Repo for NYPL's Audio and Moving Image Preservation Unit. Documentation Site:
https://nypl.github.io/ami-preservation/
16 stars 3 forks source link

More metadata about payload #27

Open nkrabben opened 3 years ago

nkrabben commented 3 years ago

copied from issue on ami-specs https://github.com/NYPL/ami-specifications/issues/19

Define a folder and file name scheme for any metadata about digitized objects that should not go into the payload. Examples include QC Tools reports, extracted timecode, ffmpeg logs.
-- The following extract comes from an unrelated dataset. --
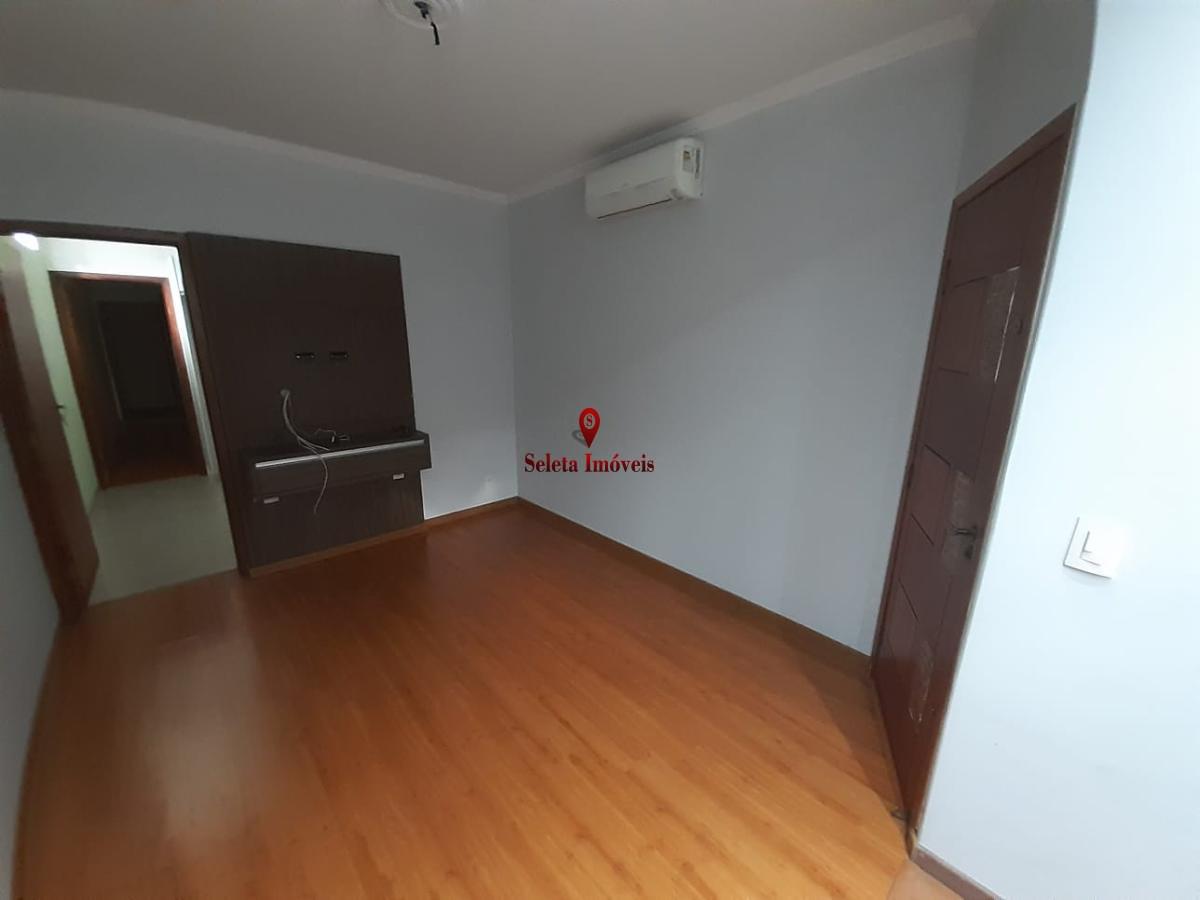 Casa à venda com 2 quartos, 150m² - Foto 9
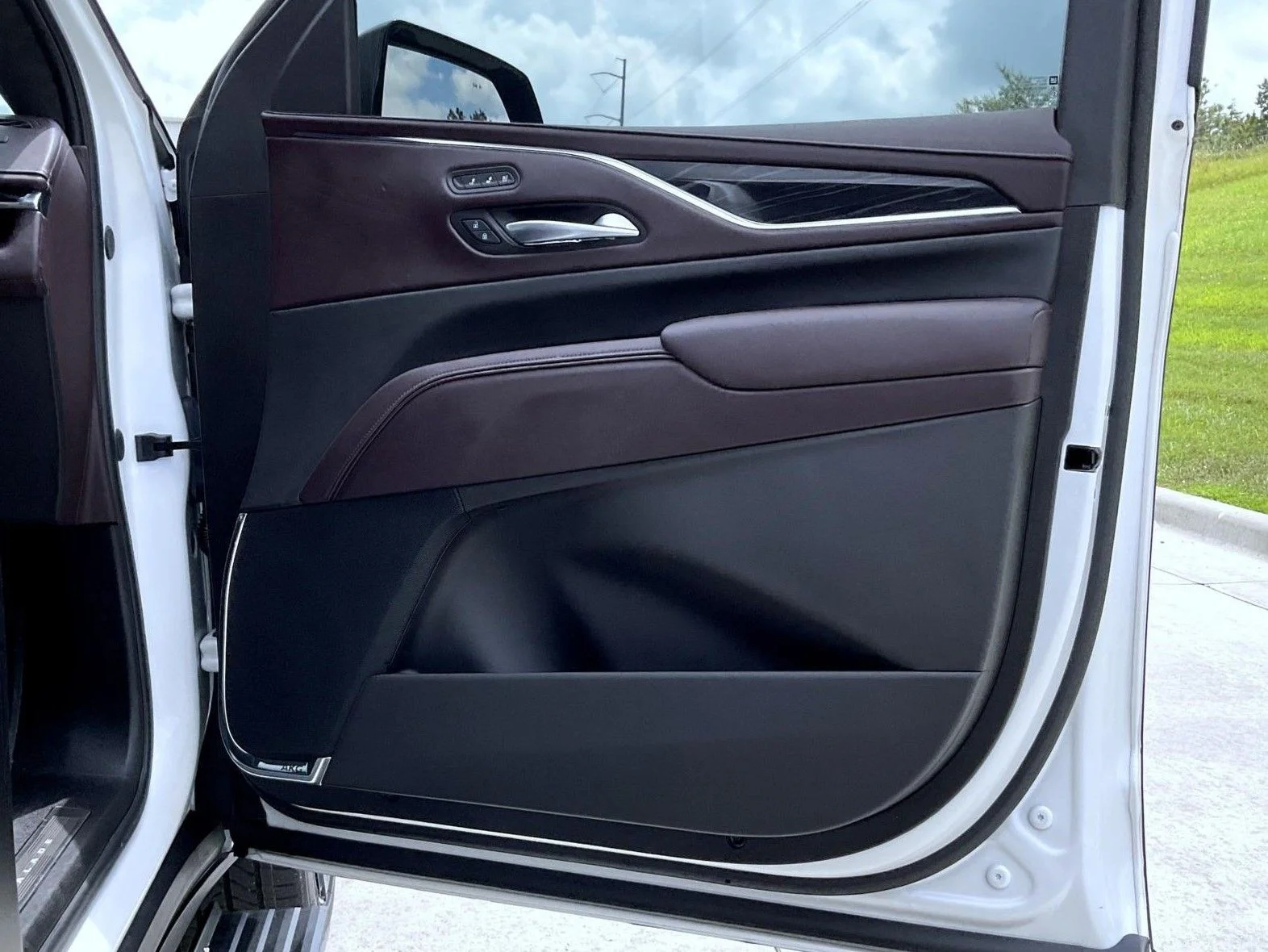 Used 2024 White Cadillac V-Series image 17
Proposal: Top level directory named metadata. Files in the directory should have the same name as the file they are related to, up until the extension, e.g. abc_123456_v01_pm.mkv would have a qctool report named abc_123456_v01_pm.qctools.tar.gz. Checksums for any files in the metadata are optional and should be written to the tagmanifest (as part of bagit spec)

Example:

581608
├── bag-info.txt
├── bagit.txt
├── data
│   ├── PreservationMasters
│   │   ├── myt_581608_v01_pm.json
│   │   └── myt_581608_v01_pm.mkv
│   └── ServiceCopies
│       ├── myt_581608_v01_sc.json
│       └── myt_581608_v01_sc.mp4
├── manifest-md5.txt
├── metadata
│   ├── myt_581608_v01_pm_rp188any_frame_timecodes.txt
│   └── myt_581608_v01_pm.qctools.tar.gz
└── tagmanifest-md5.txt
nkrabben commented 3 years ago

kieranjol commented 2 hours ago Curious to know why not in the bag? Will there be checksums elsewhere for those files? I’d consider a similar approach.

nkrabben commented 2 hours ago A big part is because of issues with out ingest processes which will not be fixed in the near future. This lets us skirt those issues.

BagIt spec says that any file not in the payload is a tag file and it can, but doesn't need to, have a checksum listed in the tagmanifest. The nice thing about this is that adding or removing tag files doesn't change the oxum in bag-info.txt or lines in manifest-....txt, so you can potentially bag earlier and then perform additive processes without constantly needing to update those files and then their checksums in the tagmanifest. The not nice thing, is that I'm not sure if any of the bagging tools I use have a mode to update the tagmanifest. Might have to write one.

bturkus commented 1 hour ago we shall christen this the "half in the bag" approach

kieranjol commented 3 years ago

I love the idea of bagging early and I like this use of the tag manifest.